Open dlech opened 4 years ago

dlech commented 4 years ago

@laurensvalk, it's great that you already have the very same idea! The NXT hubs, which are actually quite powerful hardware, will be wasted without a modern, preferably Python, API. If I'm not wrong, the existing Python API for NXT is https://github.com/Eelviny/nxt-python, which is about 5 years old already and currently unmaintained.

What does it take, generally, to write the NXT hub module in PyBricks? How can we help? -- I can look among my friend circle for engineers who would like to take on this, with your guidance. Also, what sponsorship is needed for projects like this?

Originally posted by @TheVinhLuong102 in https://github.com/pybricks/support/issues/29#issuecomment-685858236

dlech commented 4 years ago

I think the first thing that needs to be done before getting into the code is to design the user experience. The NXT is quite different in this regard compared to the Powered Up hubs we are currently focused on.

To answer these questions, what I would like to see is mock-ups, flow charts, etc. that give a very precise specification of how things should look and behave from the user's point of view.

Once we have a clear idea of what the end product should be, then we can start discussing specifics on how to get there.
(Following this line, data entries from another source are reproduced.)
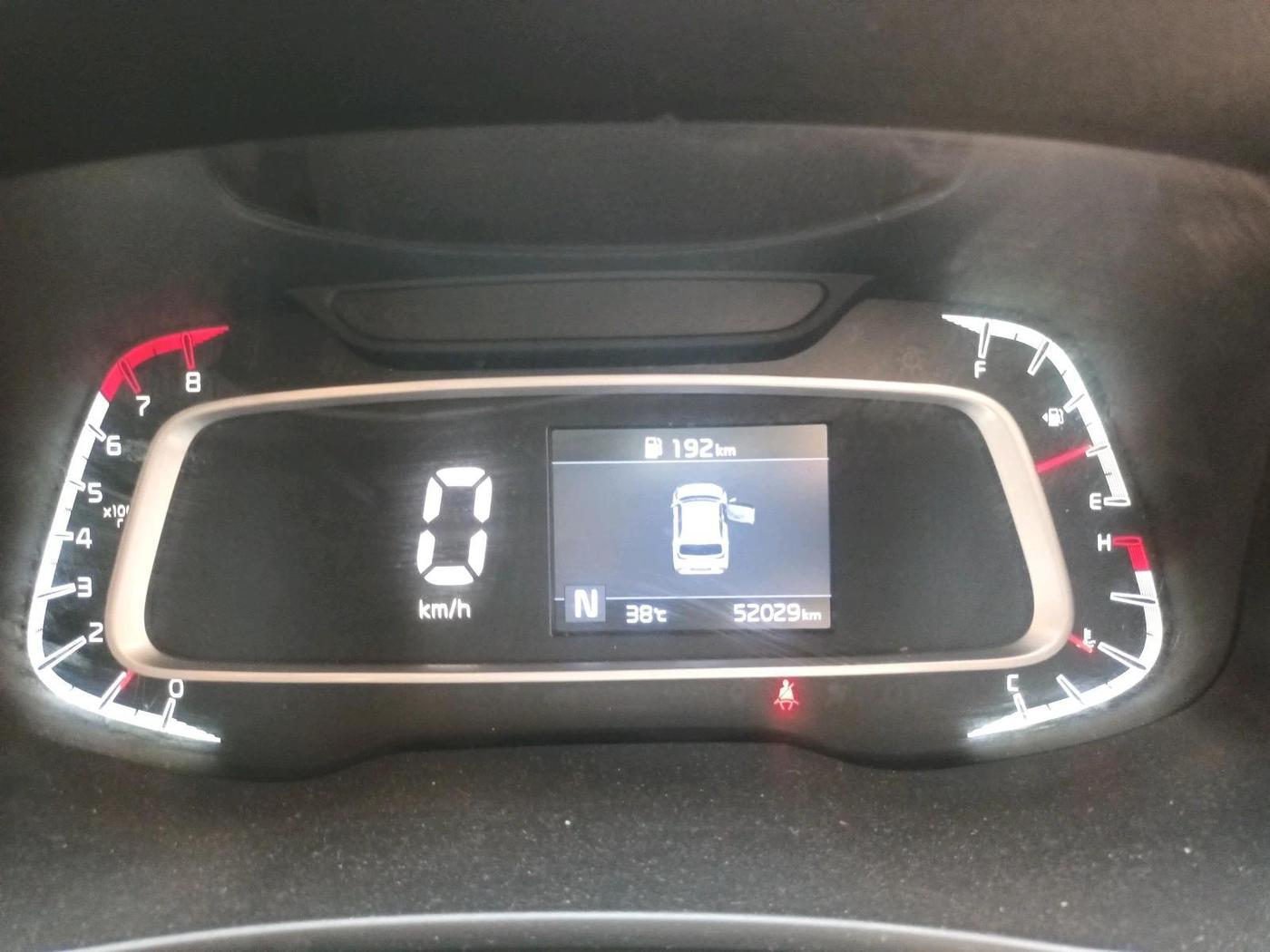 2020 KIA SONET HTK PLUS 1.0 IMT, Petrol, Manual, 53,000 km, interior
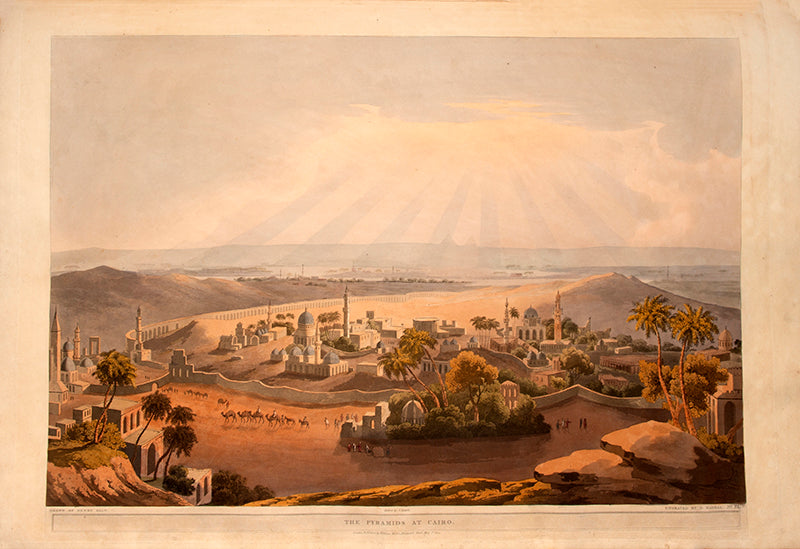 A fresh, clean copy of the set of Salt's very fine large format views of St Helena, India Abyssinia, Egypt, and elsewhere.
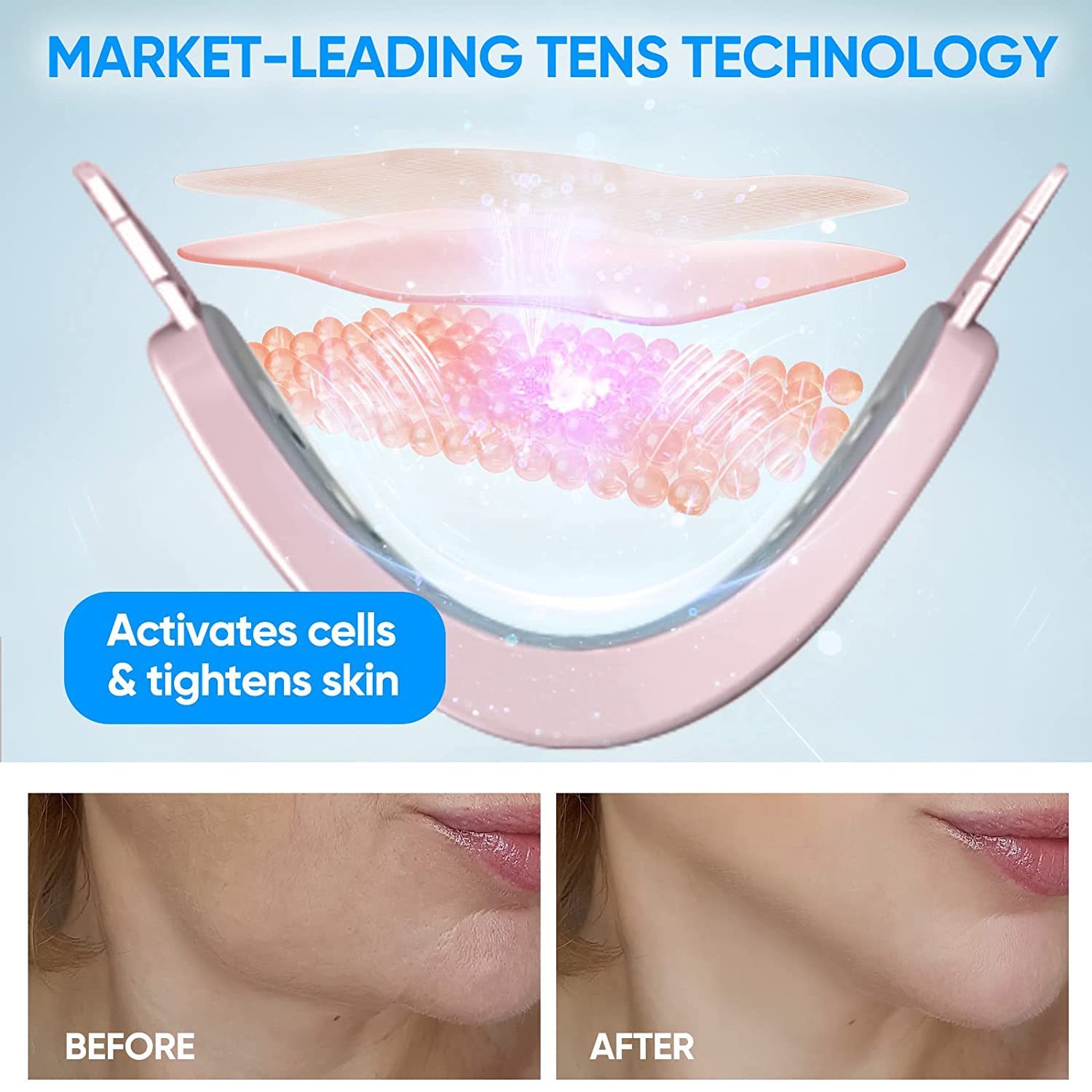 Vibration Massage V Face Beauty Instrument - Image 8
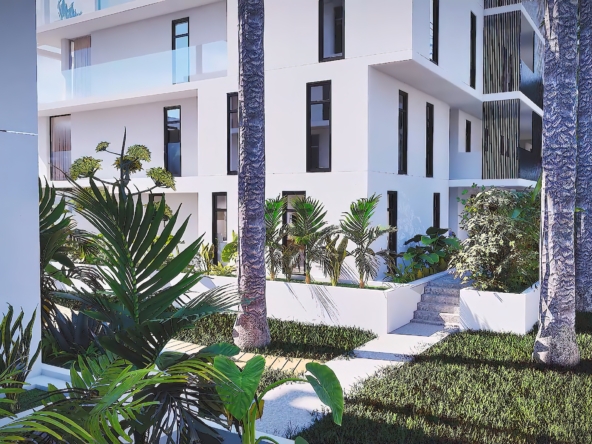 1-Complejo Urbanístico, Jardines, Gimnasio y Piscinas (13)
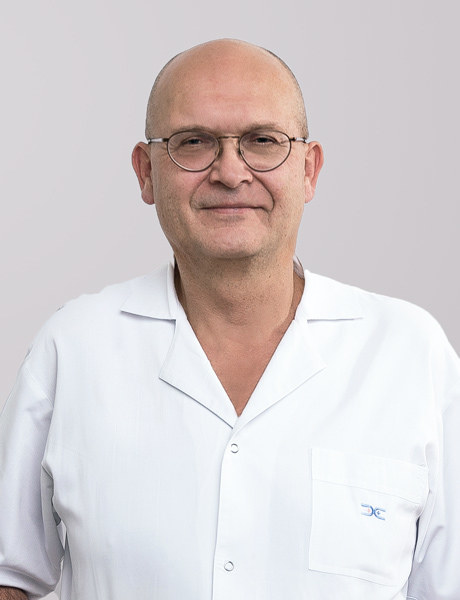 Gastroenterologijos ir endoskopijų centro vadovas gydytojas med. dr. Gintautas Radžiūnas.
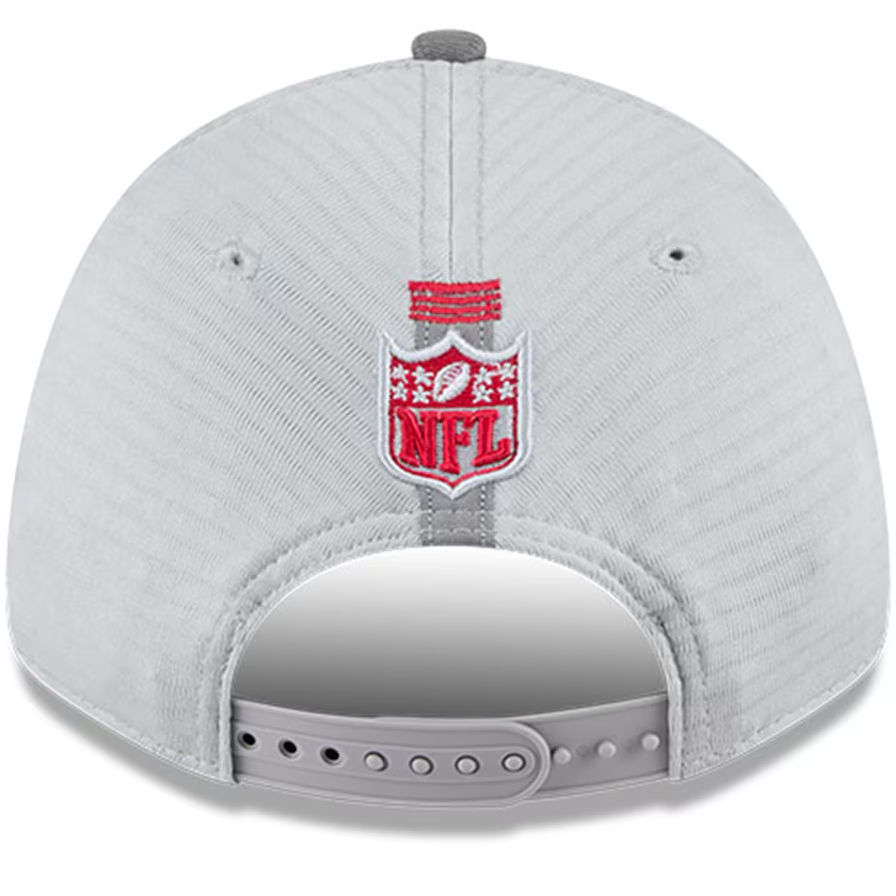 NFL Hat 940 Stretch Snap Training Camp Grey 2024 49ers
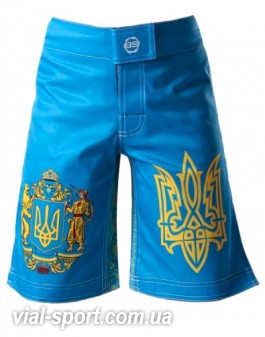 Шорти MMA Berserk Hetman Kids blue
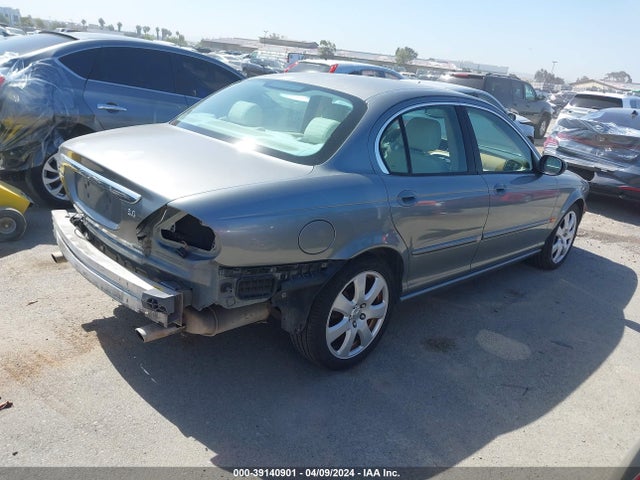 2005 JAGUAR X-TYPE SAJWA51C75WE26113 Photo 3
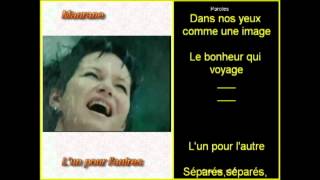 Maurane lun pour lautresparoles [upl. by Aiynot]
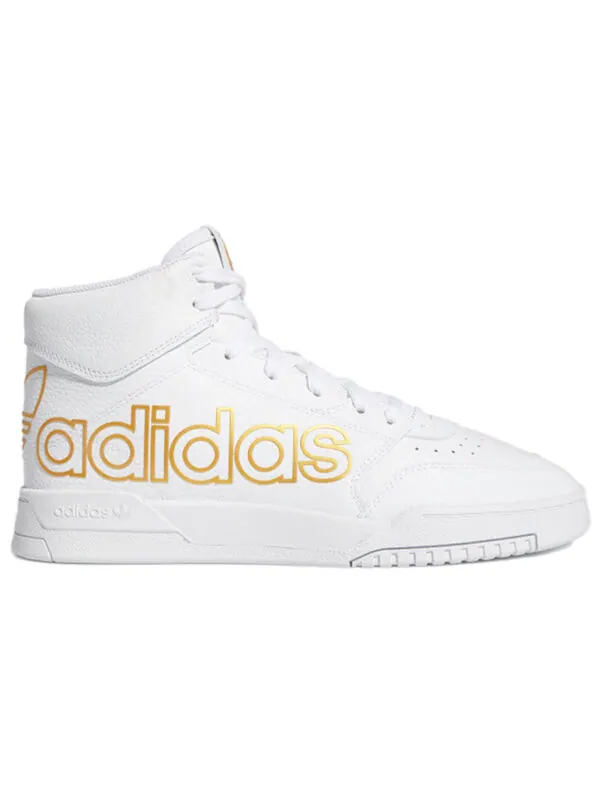 Кроссовки drop step xl Adidas — изображение 2 из 4, белый/золотистый
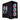 Lian Li V100RMIX V100R MINI 4.0mm 3+1x120mm Fan ATX PC Case, Black - EJS Computers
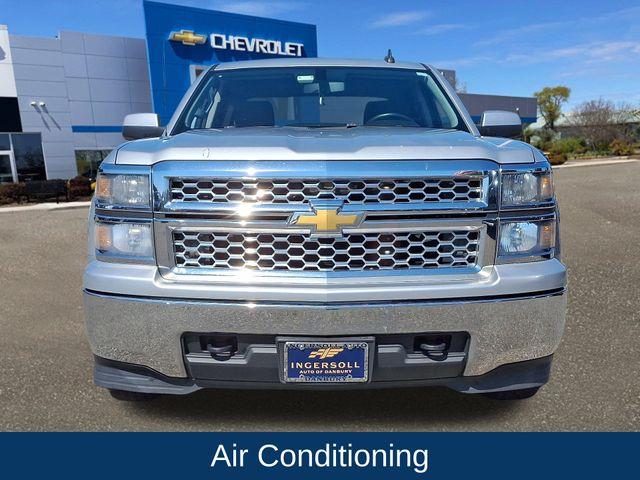 2015 Chevrolet Silverado 1500 Vehicle Photo in DANBURY, CT 06810-5034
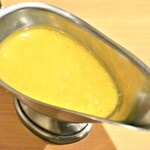 カレーレストラン シバ - ダールスープ
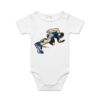 AS Colour - Organic Baby 'Mini-me' Onesie Romper Thumbnail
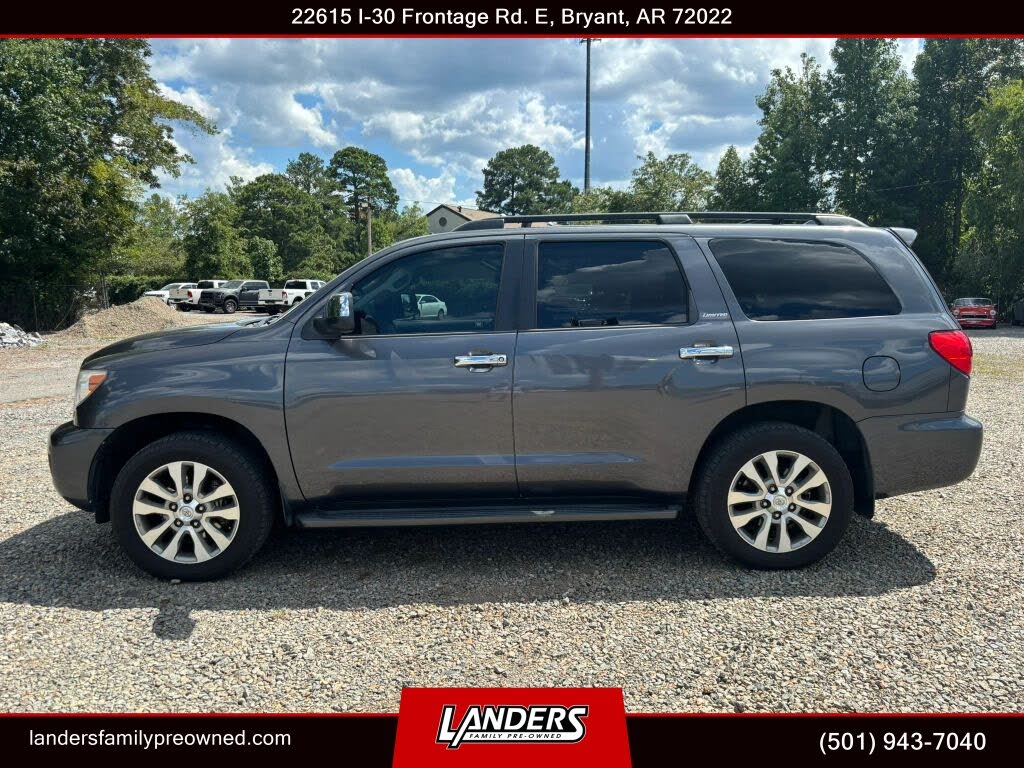 2014 Toyota Sequoia Limited FFV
TheVinhLuong102 commented 4 years ago

@dlech yes the UX design should indeed be the first step. Could you point us to the good references for the above considerations, so that we can start reading up? There're lots of historical considerations and decisions that new members like myself need to understand.

laurensvalk commented 4 years ago

Once we have a clear idea of what the end product should be, then we can start discussing specifics on how to get there.

In fact, taking a step further back, there are more fundamental things to clear up before even defining what the product should be, such as:

Let's not get trapped in technicalities at this stage, there's plenty of time for that later.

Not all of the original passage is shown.